Directions for this task — The pictures do not belong in the copy. Restate all of the records word for word.

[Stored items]
= Beginning of Section =

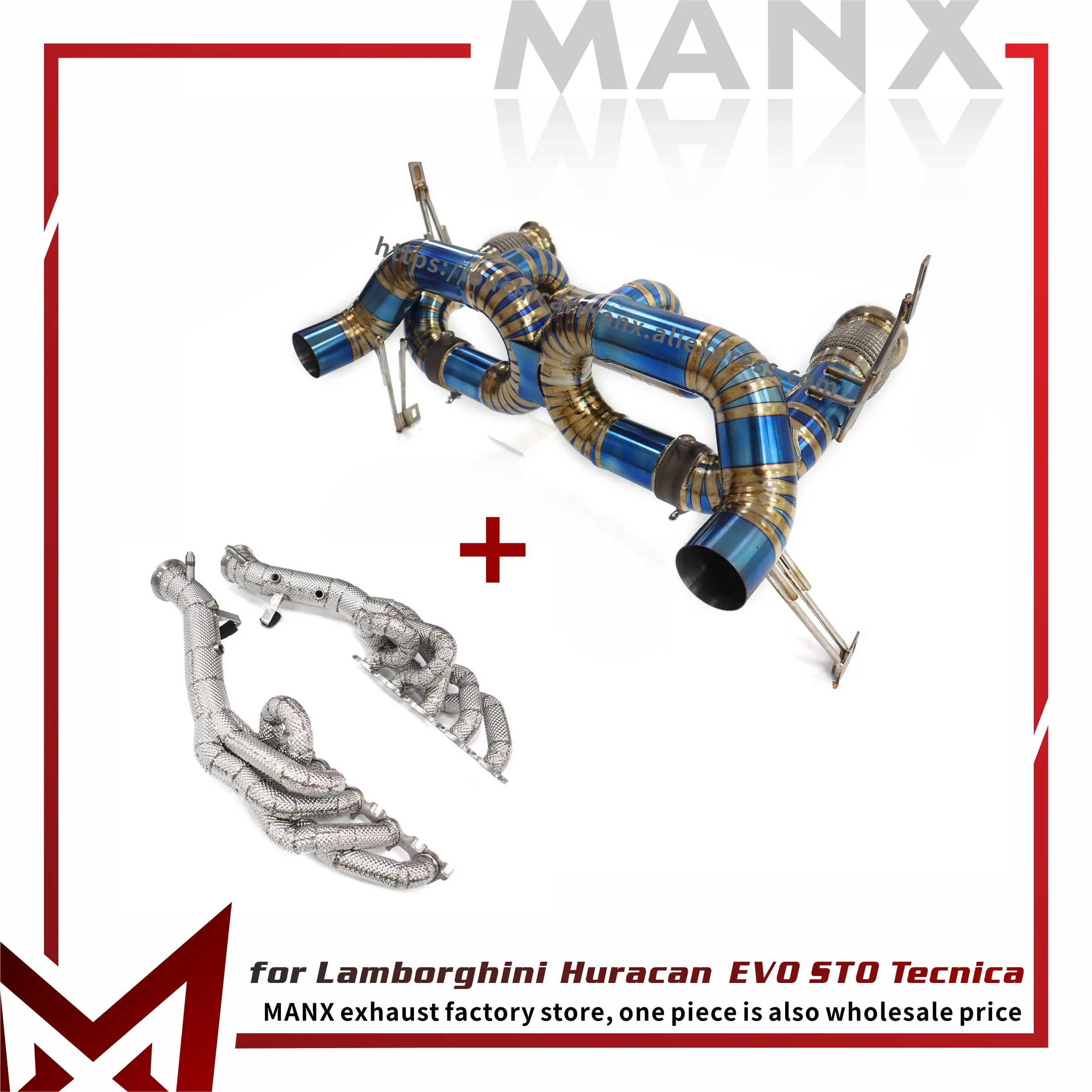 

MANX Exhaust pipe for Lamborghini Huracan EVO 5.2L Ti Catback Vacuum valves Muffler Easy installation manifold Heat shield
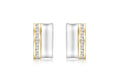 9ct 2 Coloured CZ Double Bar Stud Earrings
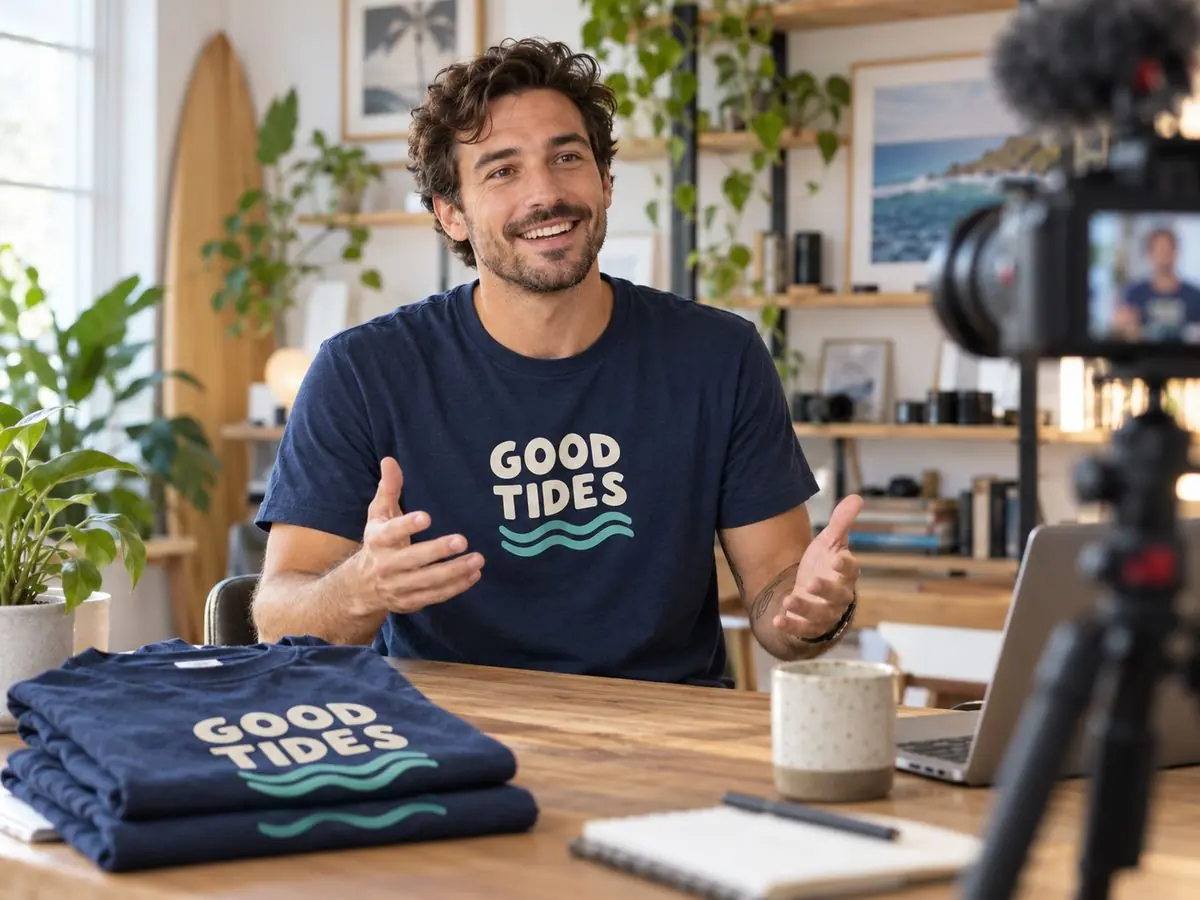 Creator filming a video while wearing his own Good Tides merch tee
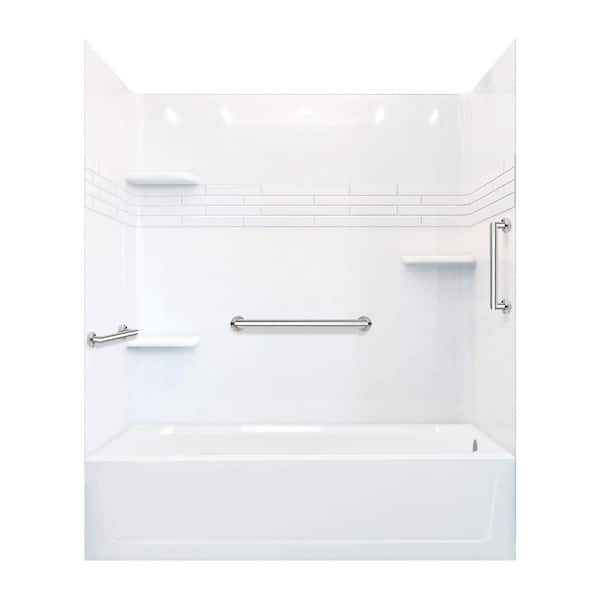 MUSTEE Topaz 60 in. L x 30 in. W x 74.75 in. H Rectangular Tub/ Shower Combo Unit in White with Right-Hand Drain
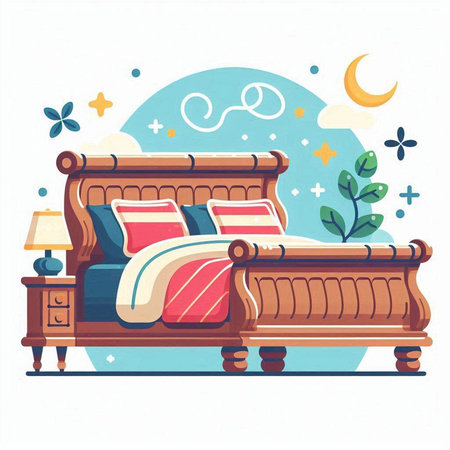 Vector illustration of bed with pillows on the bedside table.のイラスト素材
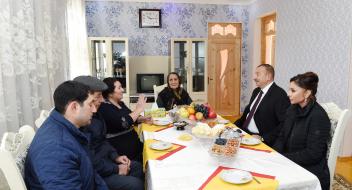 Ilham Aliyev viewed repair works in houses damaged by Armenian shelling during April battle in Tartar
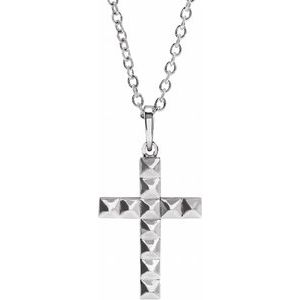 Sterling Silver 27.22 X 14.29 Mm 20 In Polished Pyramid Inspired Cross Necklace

= End of Section =

Exercise output —
MANX Exhaust pipe for Lamborghini Huracan EVO 5.2L Ti Catback Vacuum valves Muffler Easy installation manifold Heat shield
 9ct 2 Coloured CZ Double Bar Stud Earrings
 Creator filming a video while wearing his own Good Tides merch tee
 MUSTEE Topaz 60 in. L x 30 in. W x 74.75 in. H Rectangular Tub/ Shower Combo Unit in White with Right-Hand Drain
 Vector illustration of bed with pillows on the bedside table.のイラスト素材
 Ilham Aliyev viewed repair works in houses damaged by Armenian shelling during April battle in Tartar
 Sterling Silver 27.22 X 14.29 Mm 20 In Polished Pyramid Inspired Cross Necklace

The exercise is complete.